For husband and wife Chris and Rick Euscher's marijuana grow R.C. Tinderbox on King Street in South Anchorage, the parking situation has taken months to resolve, Chris said.

Twenty-one parking spaces were required based on the size of the building, but there was only room for 14, Chris said. So they signed an agreement limiting the number of employees that can be on site at once.

That works for the Euschers, who say their business won't be affected by the employee limit. Still, those required spaces should have been in place with previous tenants, Chris said.

"I don't know how they got away with it," she said.

Schoenthal said he sympathizes with the marijuana businesses. There are a lot of hoops to jump through. Some people don't have a development background, and aren't expecting these requirements, he said.

"Imagine for a moment you're cashing out all of your life-savings to start this business up, and you didn't see any of this coming," Schoenthal said.

The city is also on a learning curve with handling these applications, Schoenthal said.

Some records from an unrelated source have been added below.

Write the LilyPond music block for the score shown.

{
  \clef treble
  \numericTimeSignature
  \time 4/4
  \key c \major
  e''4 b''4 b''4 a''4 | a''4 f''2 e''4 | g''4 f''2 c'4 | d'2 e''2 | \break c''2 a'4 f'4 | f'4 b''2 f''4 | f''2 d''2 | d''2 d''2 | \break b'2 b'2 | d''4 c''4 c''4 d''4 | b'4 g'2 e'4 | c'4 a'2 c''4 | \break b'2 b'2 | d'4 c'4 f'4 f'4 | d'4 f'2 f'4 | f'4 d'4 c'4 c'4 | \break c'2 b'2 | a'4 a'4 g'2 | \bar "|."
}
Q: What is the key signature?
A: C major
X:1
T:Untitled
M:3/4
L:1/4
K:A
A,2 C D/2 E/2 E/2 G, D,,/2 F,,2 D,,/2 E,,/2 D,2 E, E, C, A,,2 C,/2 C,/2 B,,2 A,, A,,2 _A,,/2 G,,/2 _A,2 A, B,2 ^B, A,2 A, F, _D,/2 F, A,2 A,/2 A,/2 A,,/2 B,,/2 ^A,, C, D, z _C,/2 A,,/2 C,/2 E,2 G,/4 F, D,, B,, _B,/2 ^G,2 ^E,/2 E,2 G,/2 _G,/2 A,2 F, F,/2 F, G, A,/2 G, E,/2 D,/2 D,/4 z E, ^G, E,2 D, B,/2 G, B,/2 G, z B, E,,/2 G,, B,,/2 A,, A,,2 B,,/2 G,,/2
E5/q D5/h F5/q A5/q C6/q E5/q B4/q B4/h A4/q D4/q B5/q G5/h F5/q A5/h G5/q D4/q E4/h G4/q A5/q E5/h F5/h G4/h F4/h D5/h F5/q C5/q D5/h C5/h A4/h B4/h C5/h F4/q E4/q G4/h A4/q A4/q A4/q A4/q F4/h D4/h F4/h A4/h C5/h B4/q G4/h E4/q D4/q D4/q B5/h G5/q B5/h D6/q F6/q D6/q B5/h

"It is totally a balancing act. You know on the one hand I think we want to encourage this new industry … But on the other hand, people, in spite of voting in favor of this, wanted protections in place," he said.

Thorp, an Anchorage real estate agent, knew there would be a long list of requirements for his business.

Still, "the extent of what I actually had done — I wasn't prepared for that," Thorp said. "But that's OK. If you take a look at my building, it's beautiful."